Risen was smaller, and its development was “less punk” this time around, such as more focus on testing the game before release and achieving the goals agreed upon with the publisher. Again, there was a nameless protagonist, magic, swords. And again, you could go crazy in the countryside at the very beginning, but you would probably get cut up in your first fight.

Then followed two other parts, surprising with either a pirate environment or sea battles. And then came a complete novelty. An RPG with a bit of a sci-fi, but at the same time fantasy genre. Elex was released in 2017 under the management of THQ Nordic, which bought the “toothy fish” two years later. But as soon as the game’s story developed in a kind of post-apocalyptic world, the situation with Piranha Bytes began to become increasingly gloomy.

At the time, Piranha Bytes belonged to the huge Embracer family of studios, which gradually began to struggle with financial problems. More than two years ago, a sequel, Elex, was released, which essentially followed all its predecessors. Reviews mention clumsiness, bugs, difficult gameplay in the first few hours, where your hero is a fragile Judas. But the future of the studio itself, whose core at that time consisted of about thirty developers, was fragile.

Horrible ending

Embracer was in debt after a billion-dollar deal with Saudi Arabian group Savvy Games fell through. Last year, it continued to cut costs, which gradually became more and more radical. The company laid off workers, closed studios. Since the end of the year, the company has been trying to find a buyer or investor for Piranha Bytes, but to no avail. What followed was a creeping round of layoffs that ate away at the studio.

Back in January, Piranha Bytes assured that nothing was lost. They said they were looking for a financial partner to save themselves. But now it turns out that the studio closed down for good at the end of June. Many things are still unclear. What will happen to the originally planned third part of Elex, for which the studio received more than three million euros (equivalent to 80 million crowns) from the German Ministry of Economy? What will happen to the Elex brand as a whole, as well as to Gothic and Risen, as well as to Piranha Bytes itself, to which Embracer has the rights?

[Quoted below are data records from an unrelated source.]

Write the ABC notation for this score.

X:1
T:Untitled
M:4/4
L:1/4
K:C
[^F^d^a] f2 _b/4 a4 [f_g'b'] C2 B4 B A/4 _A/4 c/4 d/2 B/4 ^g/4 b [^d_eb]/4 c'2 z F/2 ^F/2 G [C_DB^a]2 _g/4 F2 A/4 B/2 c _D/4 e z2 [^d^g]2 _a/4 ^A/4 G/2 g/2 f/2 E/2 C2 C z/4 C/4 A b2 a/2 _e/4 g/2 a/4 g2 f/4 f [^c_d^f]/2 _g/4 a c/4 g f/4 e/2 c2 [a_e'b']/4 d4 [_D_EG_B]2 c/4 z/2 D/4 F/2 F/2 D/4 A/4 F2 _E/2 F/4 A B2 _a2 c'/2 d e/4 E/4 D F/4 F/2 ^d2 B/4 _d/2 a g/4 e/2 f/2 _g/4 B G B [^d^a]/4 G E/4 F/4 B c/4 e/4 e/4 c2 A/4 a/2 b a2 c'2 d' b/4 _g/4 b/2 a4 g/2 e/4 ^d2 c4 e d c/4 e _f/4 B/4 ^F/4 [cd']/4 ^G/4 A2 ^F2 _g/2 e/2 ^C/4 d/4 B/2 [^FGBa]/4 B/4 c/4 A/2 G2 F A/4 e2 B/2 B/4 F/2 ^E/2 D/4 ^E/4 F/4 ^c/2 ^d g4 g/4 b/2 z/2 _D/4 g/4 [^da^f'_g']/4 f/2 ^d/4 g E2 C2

Perhaps their spirit will live on, albeit under a different name. Piranha veterans Björn and Jennifer Pankratz left the studio last November after various disagreements (and, they say, involuntarily). Behind the scenes, it was partly due to the direction of the studio: Björn Pankratz, as creative director, was aiming for an Elex-like product, and some of the developers expressed a desire to return to Gothic. Now the pair have jointly announced the creation of Pithead, a studio into which they have invested some of the money they made from selling the studio five years ago.

The economy said: no way

“The gaming industry is not doing very well right now, not only in Germany but all over the world. This has led to the fact that over the last many months (…) large studios or publishers have had financial problems, many development studios have closed, an incredible number of people have lost their jobs,” Jennifer Pankratz describes in a recent video. “And that’s why we are sitting here now.”

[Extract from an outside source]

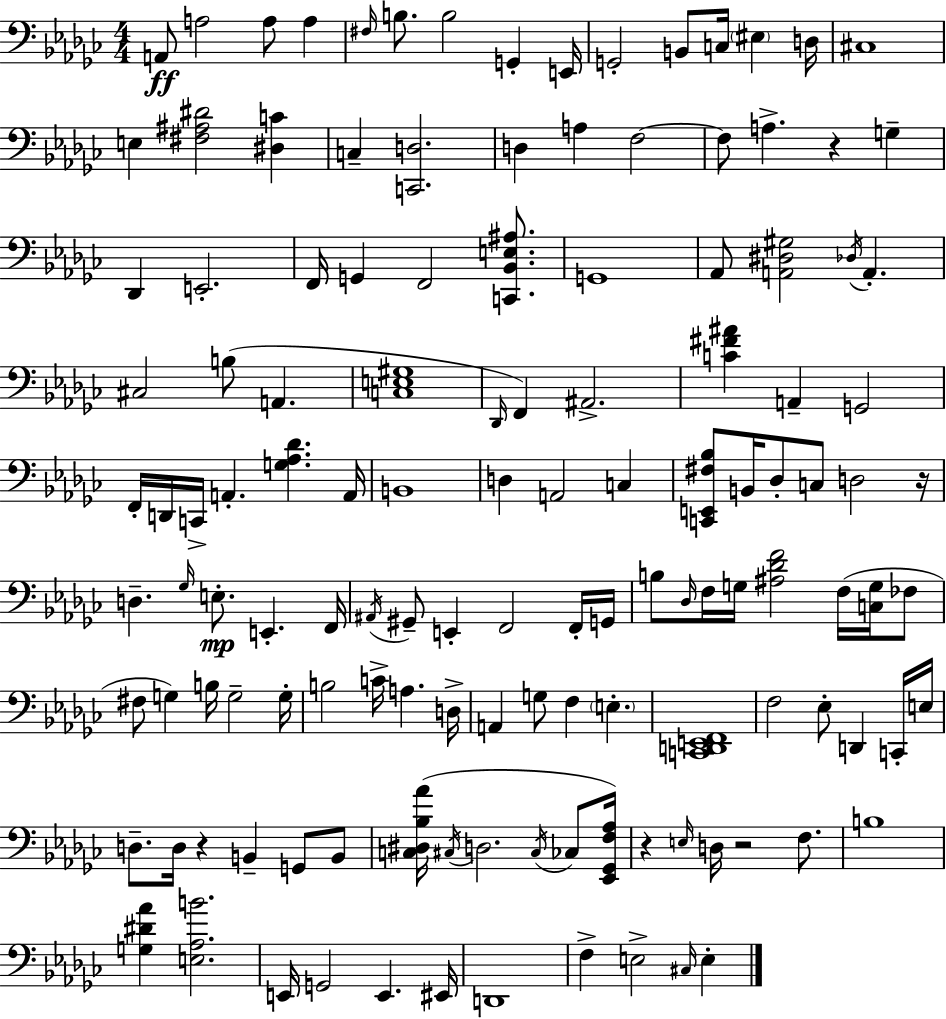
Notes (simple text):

“That’s when we and our colleagues at THQ Nordic thought: oops, now we’re going to make games until we all go grey and retire,” he recalls of the moment they were acquired by a major company. “But that was just our plan. The economy said: no way, that’s not happening,” he adds with a smile. At Pithead, they want to focus on indie games, but are keeping the details to themselves for now.

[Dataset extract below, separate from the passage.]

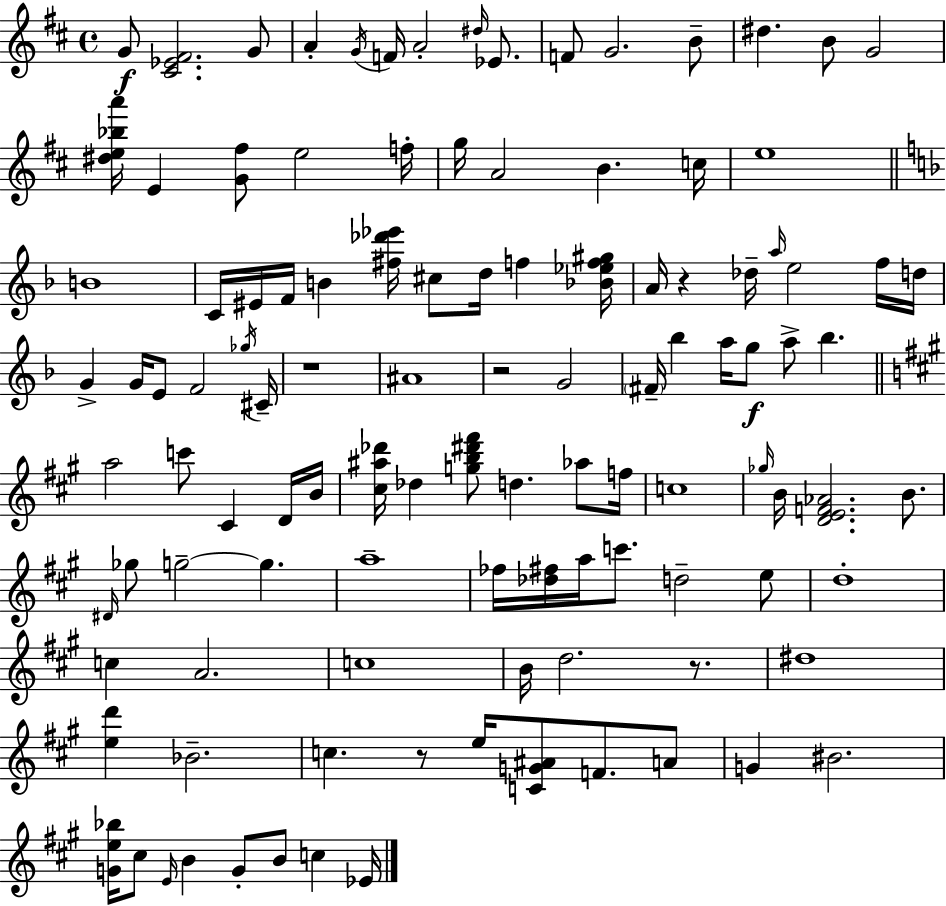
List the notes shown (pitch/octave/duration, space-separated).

Will their core be similar to what they started with at Piranha Bytes? “Every game had its strong point at the time,” recalls one of Gothic’s three “mad scientists,” Bert Speckels. “For example, Tomb Raider and Thief were influences. Tomb Raider popularized the third-person perspective, and Thief introduced new ways to solve problems. Gothic introduced a game world that worked really well. I think we were the ones who moved from a text-based, relatively static RPG to a highly interactive game at the right moment. And our world was really dangerous. You couldn’t just go and destroy the monster on the corner. You had to be careful! That was one of the innovations that stuck with Piranha Bytes, and I think that’s great.”